Kırsal kesimlerden büyükşehirlere olan göçün artmasının ve yaşadığımız deprem felaketlerinden kaçanların güvenli gördükleri için Ankara’yı tercih etmesinin, bu bölgede konut ihtiyacını giderek artırdığını belirten Gayrimenkul Yatırım Danışmanı Nilgün Birbaş, “Emlak sektörünün gelişimine bağlı olarak kentsel işlerde istihdam edilenlerin sayısının artması kaçınılmaz olarak görülüyor. Diğer bir değişle sanayi ve hizmet sektöründe istihdam edilen nüfus oranının artması, Ankara kent ekonomisine de önemli ölçüde katkı sağlıyor diyebiliriz” dedi.

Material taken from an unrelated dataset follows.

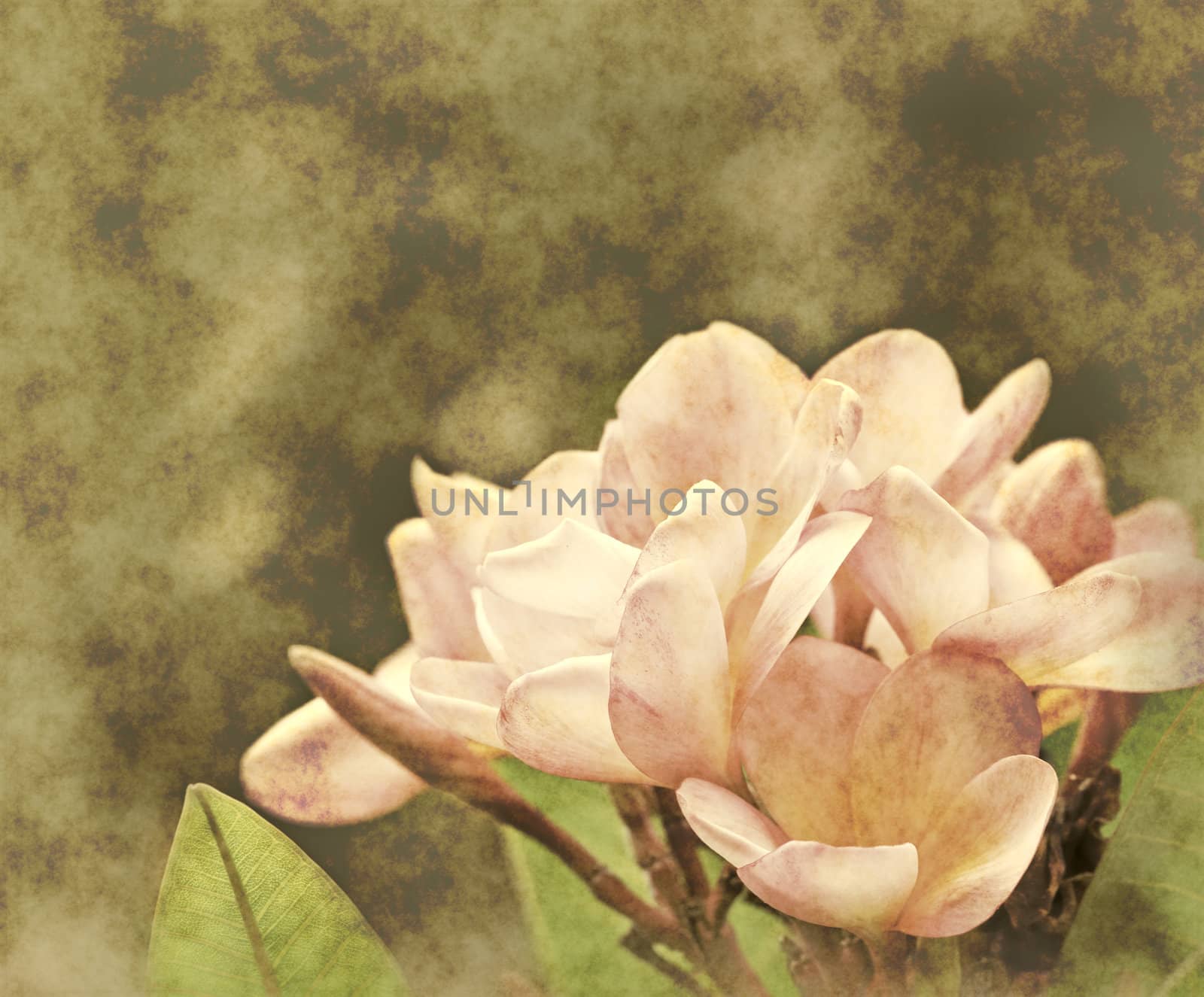 beautiful blooms of the frangipani flower in soft muted grunge style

Başkent olarak konuştuğumuz Birbaş, emlak sektörünün geleceği konusunda öngörülerini sıralarken, bu sektörde yeni bir dönemin başlangıcı olan “Elektronik İlan Doğrulama Sistemi” hakkında da bilgiler verdi.
· Genel olarak, yüksek enflasyon ve faiz oranlarının gayrimenkul sektörüne olan etkilerini anlatır mısınız?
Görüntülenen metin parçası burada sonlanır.